* WHAT YOU NEED TO DO: All of the entries should be restated word for word, but without their pictures.

==== DATA FOR THIS TASK

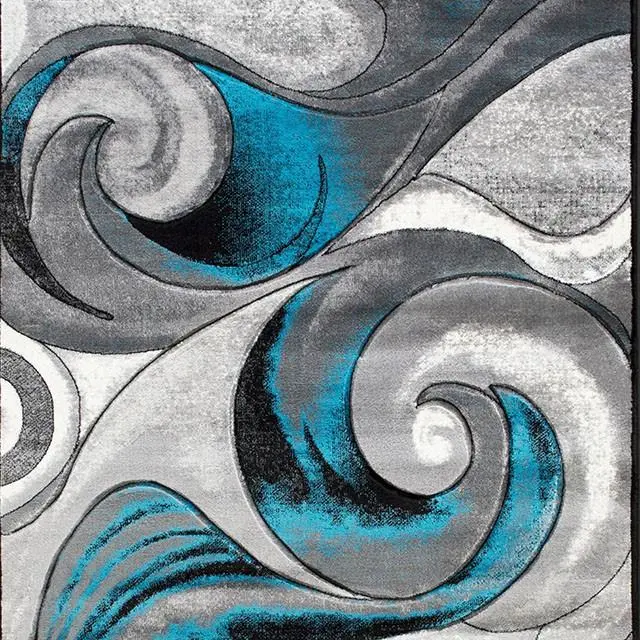 Niksar Turquoise 5' X 7' Area Rug 1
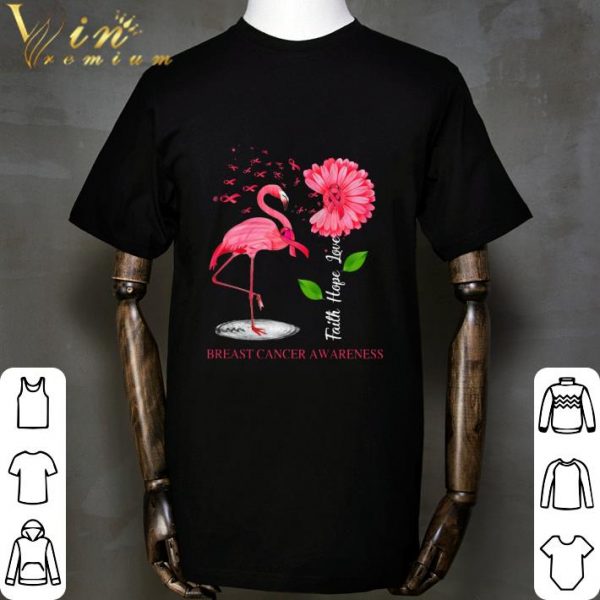 Flamingo Faith Hope Love Breast Cancer Awareness shirt 2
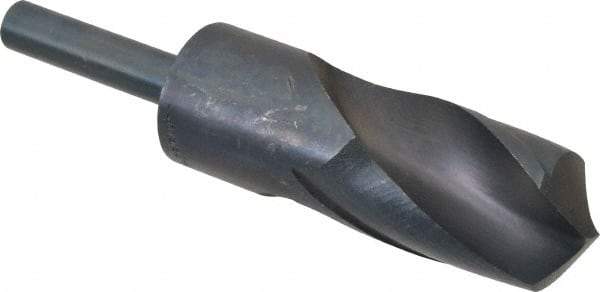 Interstate - 1-25/64" Drill, 118° Point, High Speed Steel Silver Deming & Reduced Shank Drill Bit - Oxide Finish, 6" OAL, Straight Shank, 3" Flute Length, Right Hand Cut, Standard Point, Spiral Flute, Regular Spiral - Americas Industrial Supply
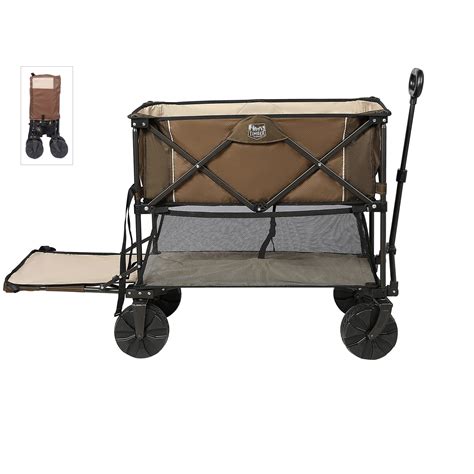 TIMBER RIDGE Folding Double Decker Wagon, Heavy Duty Collapsible Wagon ...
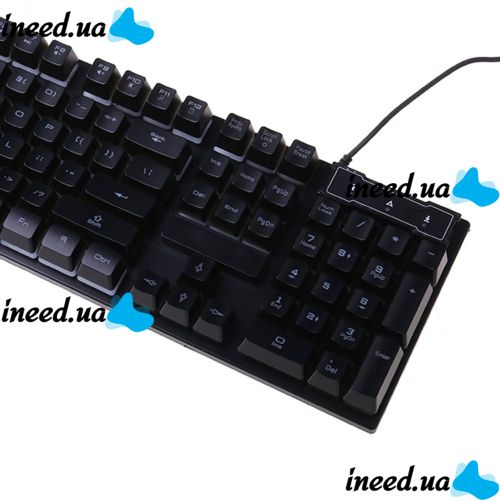 USB проводная геймерская компьютерная клавиатура Landslides KR-6300 с RGB Led подсветкой ATLANFA AT-6300, полноразмерная мембранная Черная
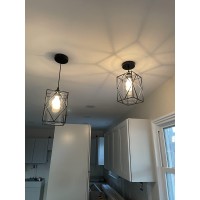 Hmvpl Farmhouse Pendant Light Fixtures, Set Of 2 Black Farmhouse Hanging Chandelier Lights With Glass Shade, Mini Industrial Ceiling Lamp For Kitchen Island Dining Room Over Sink Hallway Bedroom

========

* FINAL ANSWER:
 Niksar Turquoise 5' X 7' Area Rug 1
 Flamingo Faith Hope Love Breast Cancer Awareness shirt 2
 Interstate - 1-25/64" Drill, 118° Point, High Speed Steel Silver Deming & Reduced Shank Drill Bit - Oxide Finish, 6" OAL, Straight Shank, 3" Flute Length, Right Hand Cut, Standard Point, Spiral Flute, Regular Spiral - Americas Industrial Supply
 TIMBER RIDGE Folding Double Decker Wagon, Heavy Duty Collapsible Wagon ...
 USB проводная геймерская компьютерная клавиатура Landslides KR-6300 с RGB Led подсветкой ATLANFA AT-6300, полноразмерная мембранная Черная
 Hmvpl Farmhouse Pendant Light Fixtures, Set Of 2 Black Farmhouse Hanging Chandelier Lights With Glass Shade, Mini Industrial Ceiling Lamp For Kitchen Island Dining Room Over Sink Hallway Bedroom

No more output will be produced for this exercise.